Remember to use this editorial only when stuck, and not to copy-paste code from it. Please be respectful to the problem author and editorialist.
Submitting an official solution before solving the problem yourself is a bannable offence.

Let us imagine a tree of stacks such that each stack from the task corresponds to a path to a certain node in the tree from the root of the tree. Each node will have an integer x assigned to it, excluding the root, which will be assigned zero. Every stack label v will then have a tree node assigned to it, call it f_v. Precisely the number of the node f_v is the number from the top of stack v, and climbing up to the root we would see the whole stack. All the while ignoring the zero at the root, of course.

Let us make sure that this is really possible. At the beginning of the game, we have one empty stack and make a tree with the node zero. While copying stack v and adding a new number we simply add a new node to the tree, assign a number to it and set f_v as its parent. While copying stack v and removing an element from its top, we will output the number in node f_v and assign the parent of f_v to the new stack. It is evident that the tree-like structure is stable after each operation and that all operations are of constant complexity.

We are still left with efficiently answering the query of type c. For starters, let us notice that the numbers placed on stacks are always ascending. In other words, no two tree nodes will have the same number x written in them. So the question "how many of the same numbers are in stacks v and w" is equal to the question "how many of the same nodes, excluding the root, is on the path from the root to f_v and on the path from the root to f_w". All such nodes will be in the first part of the path from the root to f_v/f_w because once the paths part ways, they will never meet again. Therefore, it is sufficient to find the last such node and output how many nodes there are on the path from the root to itself.

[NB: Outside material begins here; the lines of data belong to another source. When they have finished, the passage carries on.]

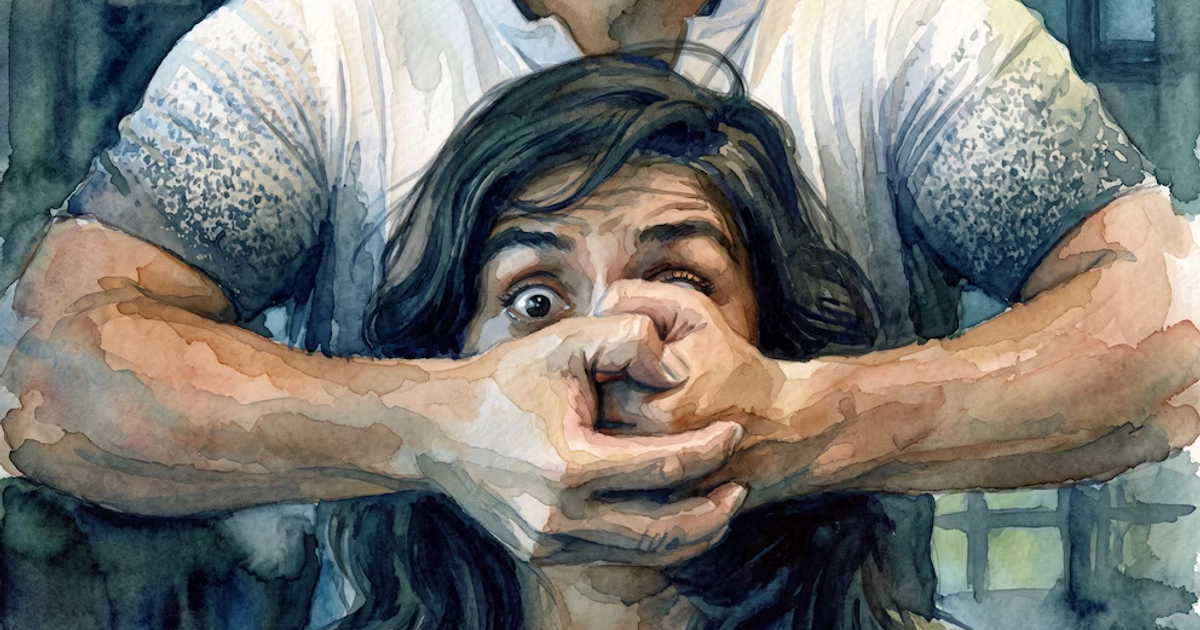 Ilustración en acuarela de un hombre sujetando y cubriendo la boca de una mujer con ambas manos.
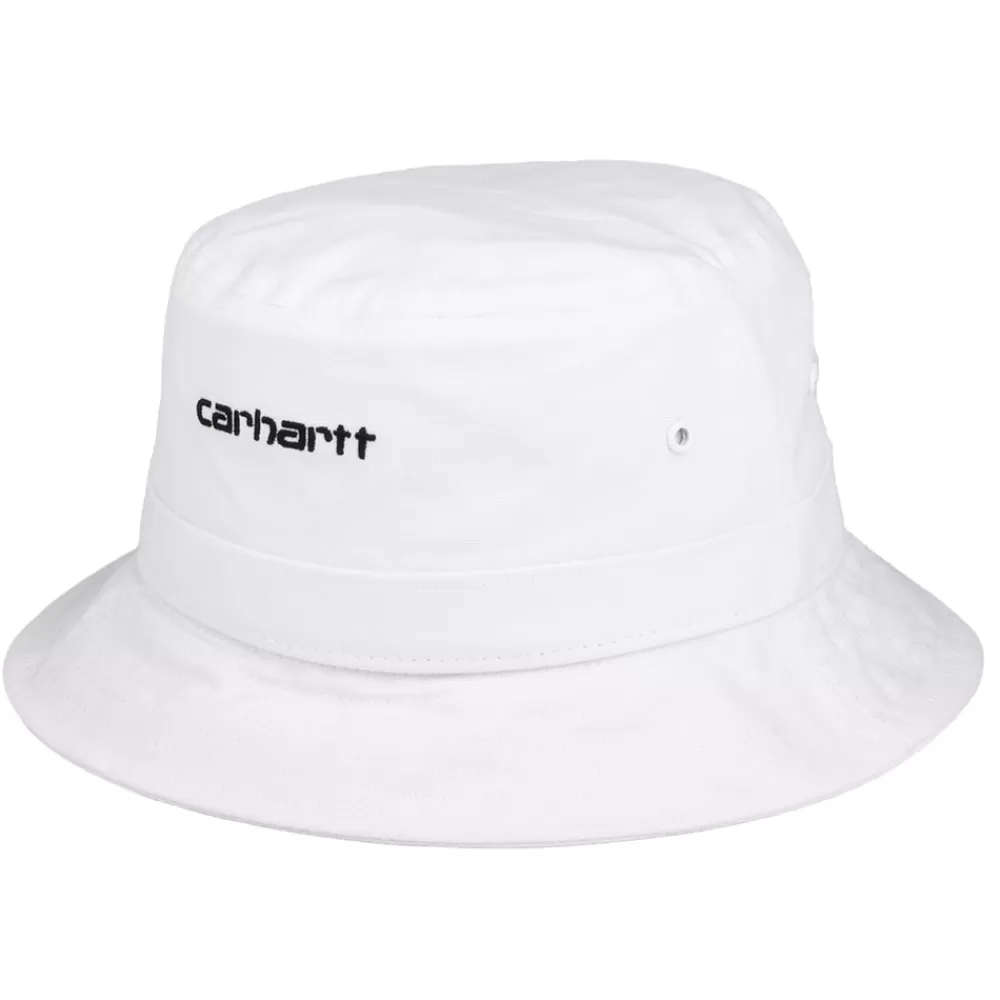 Chapeaux Bob | Bobs^Carhartt WIP Chapeau Bob en Toile de Coton Script blanc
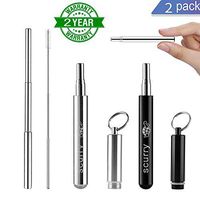 Telescopic Reusable Straws - Portable Stainless Steel Drinking Straws Foldable Metal Straws Collapsible Straw with Hard Aluminum Case & Cleaning Brush, 2 Pack (Black&Silver)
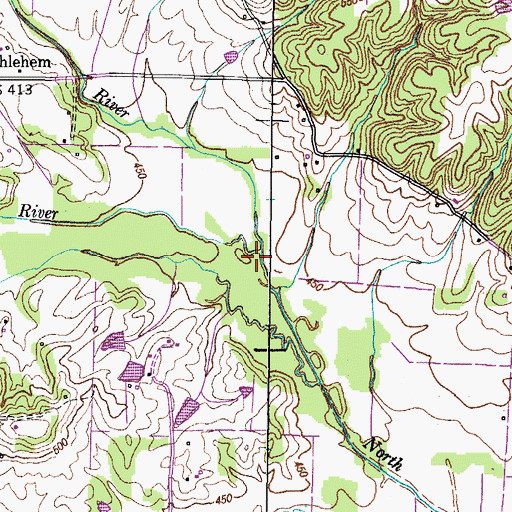 Topographic Map of Middle Fork Blood River, TN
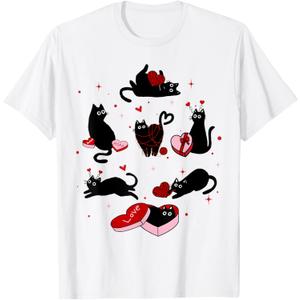 Cute Black Cat Kitten Red Heart Happy Valentine Black Cat Men Women T-Shirt, XS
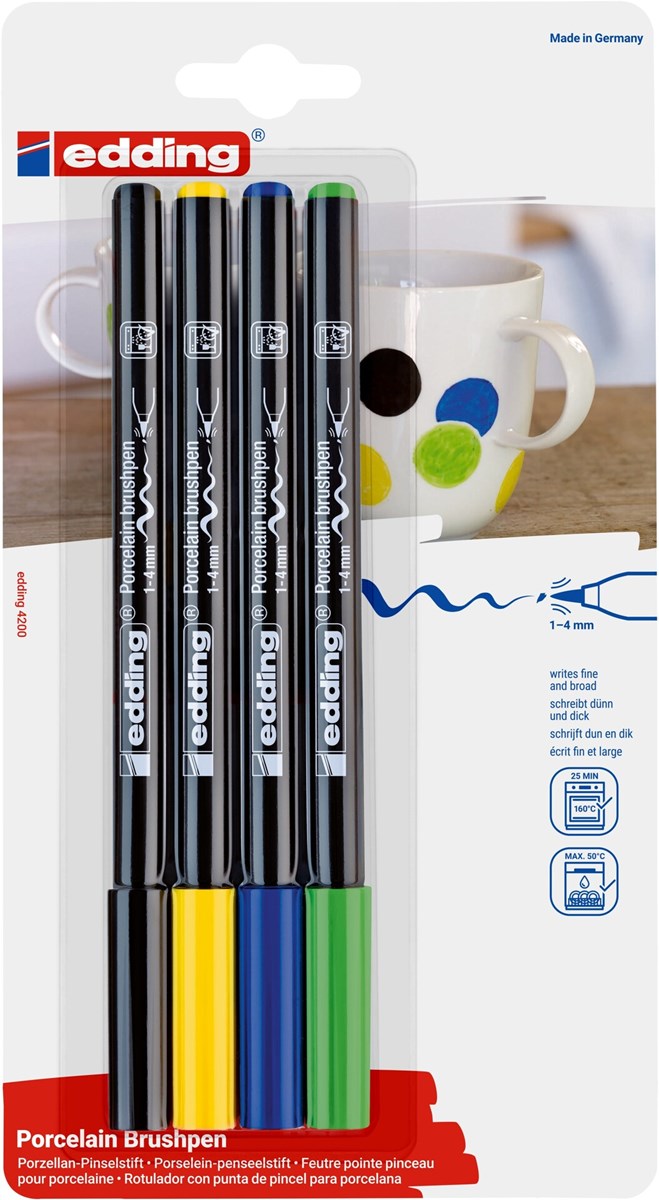 edding 4200 Porzellanpinselstift 4er Set cool, Pinselspitze 1-4 mm (Art.-Nr.: 4-4200-4-1099)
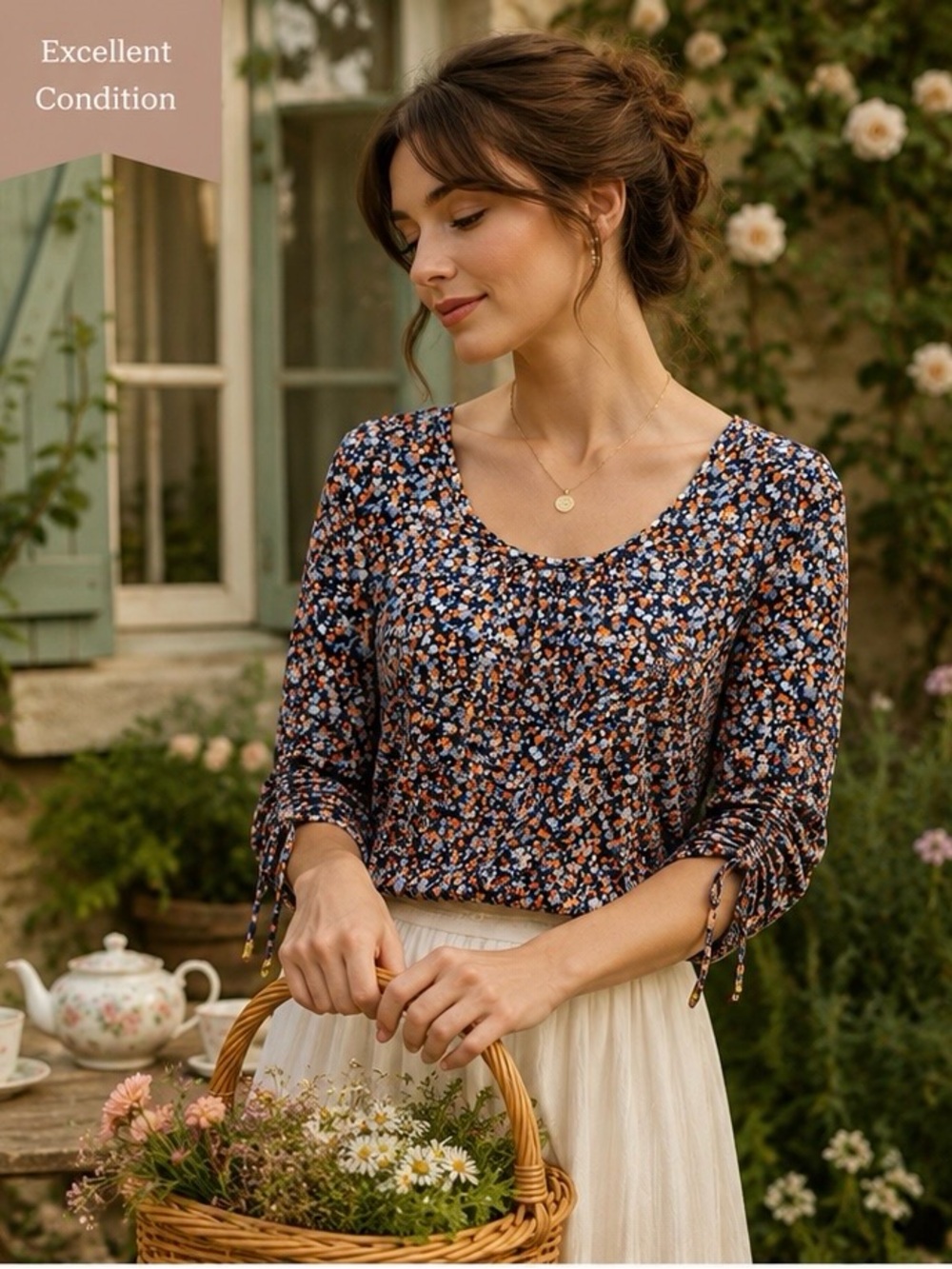 Michael Michael Kors Navy Floral Ruched Sleeve Top Large Boho Peasant Blouse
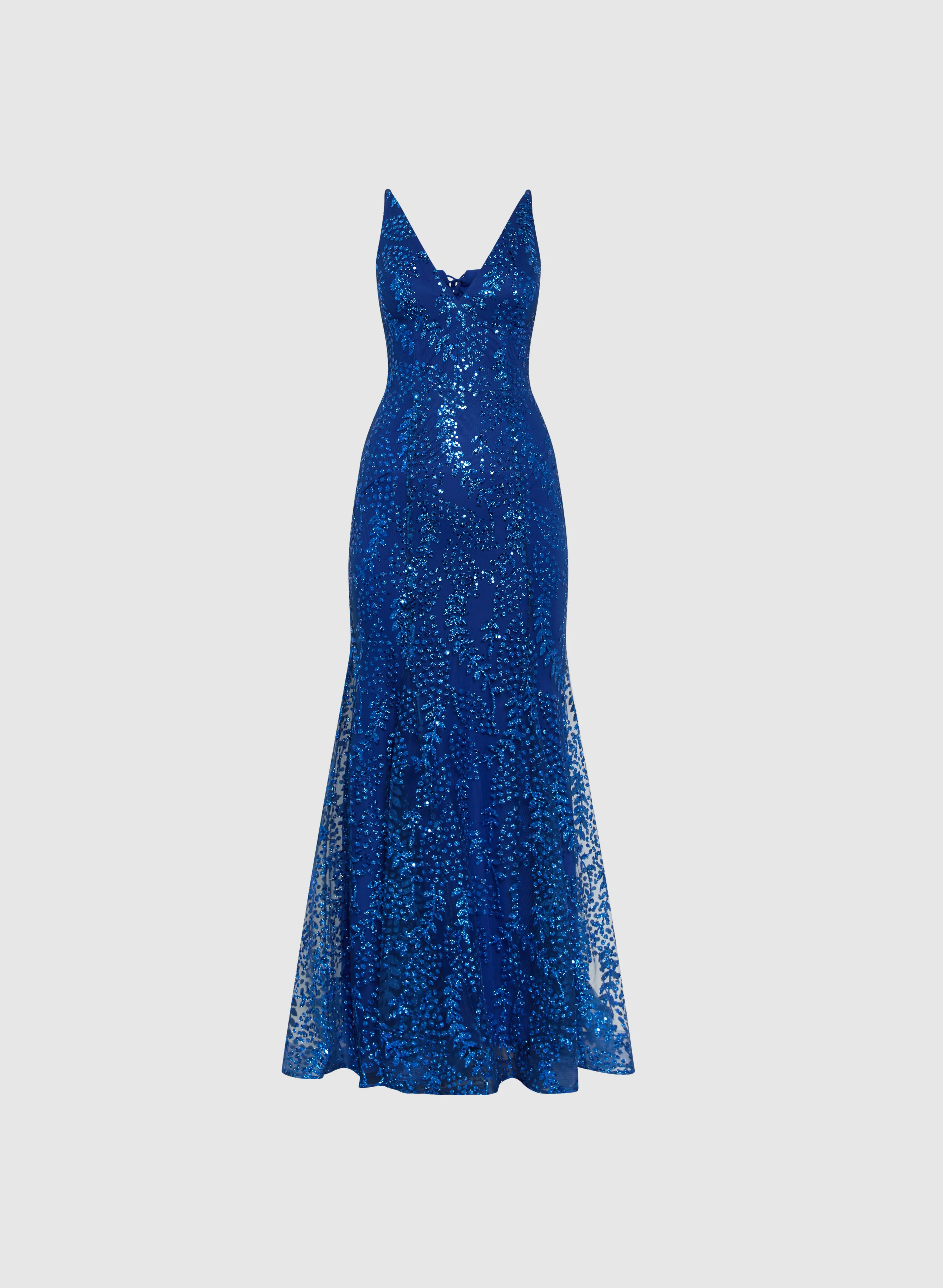 Glitter Mesh V-Neck Gown - Image 5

Such node is also called the lowest common ancestor in a tree and there are various methods to find it. The most popular solution is "jumps of powers of 2 length" (for more information, consult this link, of the complexity \mathcal O(N \log N) for preprocessing and \mathcal O(\log N) per query.

Additionally, we need to notice that in this task we don't have a complete tree for which we can initially build a jumping table, but it isn't a problem. When adding a new node (the only moment when the tree changes), we will calculate all its jumps in the complexity \mathcal O(\log N) because the jumps of its ancestors have already been calculated.

The total time and memory complexity of this solution is \mathcal O(N \log N).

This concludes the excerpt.